Итак, Бостром прогнозирует следующий сценарий развития событий: «Некоторые человеческие индивидуумы будут производить загрузку в компьютер и делать несколько собственных копий. Между тем благодаря постепенному прогрессу в нейронауке и создании искусственного интеллекта впоследствии появится возможность помещать знания каждого человека в индивидуальный модуль, а затем соединять его с модулями других людей. Модули, соответствующие общему стандарту, могли бы лучше общаться и взаимодействовать с другими модулями, что было бы более экономичным и продуктивным и вызывало бы потребность в дальнейшей стандартизации. Для умственной структуры человеческого типа могло бы тогда попросту не найтись места».
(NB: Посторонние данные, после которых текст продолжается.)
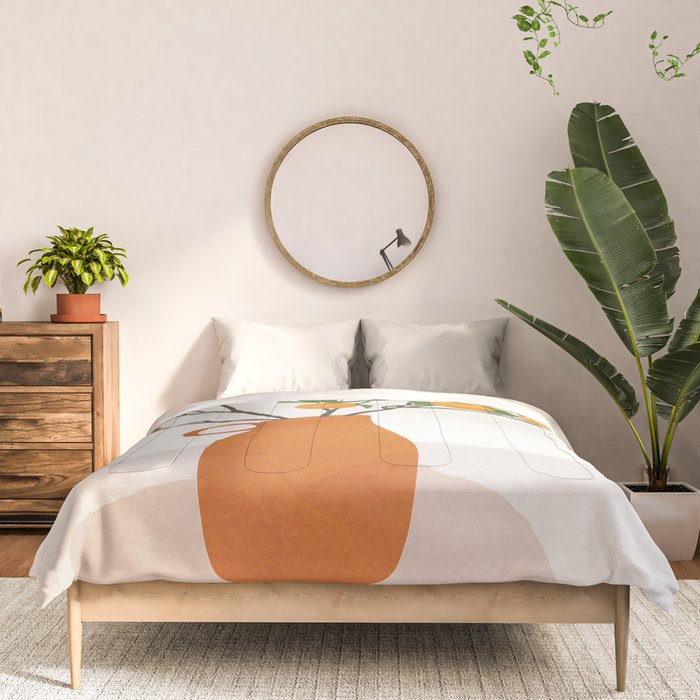 Orange Branches Comforter Gallery Image 3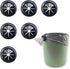 6 Pcs Black Trash Bag Holder - Reusable Trash Liner Cinch for Securing Trash Liners?Prevents Liners from Falling into Trashcan - Ideal for Outdoor...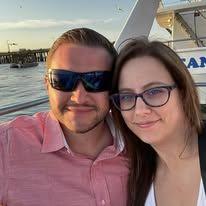 On a sunset cruise in Ocean City.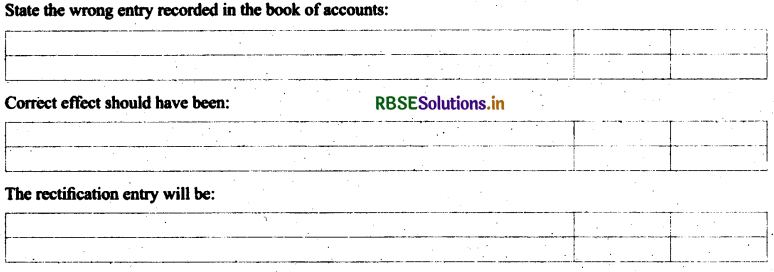 RBSE Solutions for Class 11 Accountancy Chapter 6 Trial Balance and Rectification of Errors 6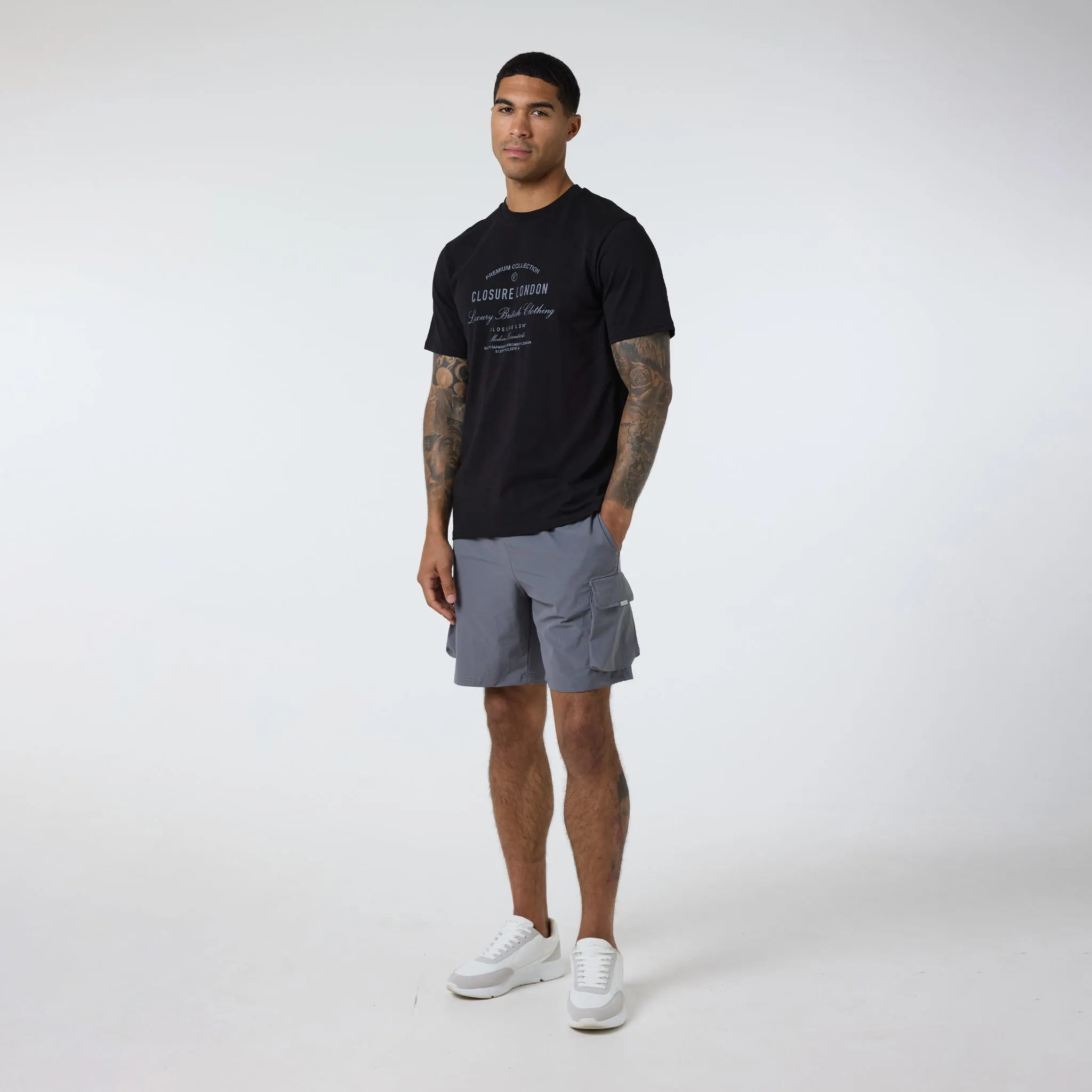 Layered Premium T-Shirt | Black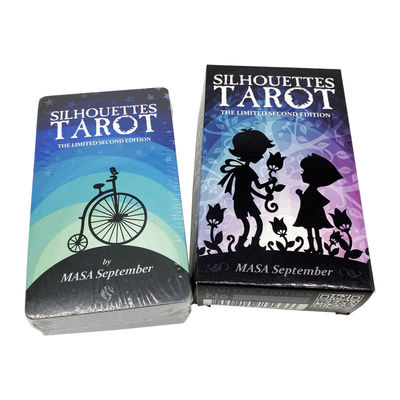 بطاقات Tarot قابلة للطباعة مقاس 70 * 120 مم ، بطاقات أوراكل للهالوين مصنوعة من الكتان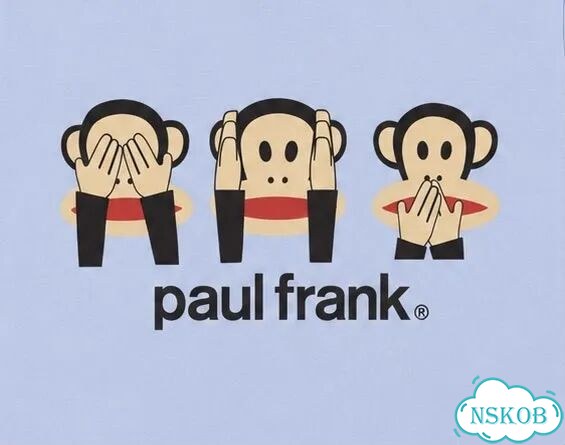 Футболка женская paul frank голубая фото 2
Но моральное устаревание человеческого вида как такового — не такая уж большая беда по сравнению с еще одной перспективой, обсуждаемой Ником Бостромом. Если бы новым критерием эволюционной приспособленности стала эффективность машин, то в нашей жизни было бы уничтожено очень многое из того, что мы считаем глубоко человеческим. Философ пишет: «Существуют такие сумасбродные и приятные вещи, которые в значительной мере условно наполняют человеческую жизнь смыслом: юмор, любовь, игры, искусство, секс, танцы, светские беседы, философия, литература, научные открытия, еда, дружба, воспитание детей, спорт. Исходя из своего вкуса и возможностей, мы занимаемся всем этим, и в эволюционном прошлом нашего вида подобные предпочтения носили приспособительный характер. Но какие у нас основания для уверенности, что эти же или подобные им вещи по-прежнему будут нужны нам для адаптации в будущем? Вероятно, тогда добиваться максимальной эволюционной приспособленности станет возможным лишь путем непрерывного, тяжелого и монотонного труда с помощью повторяющихся и изматывающих рабочих операций, главная цель которых — крохотное улучшение какого-нибудь производственно-экономического показателя».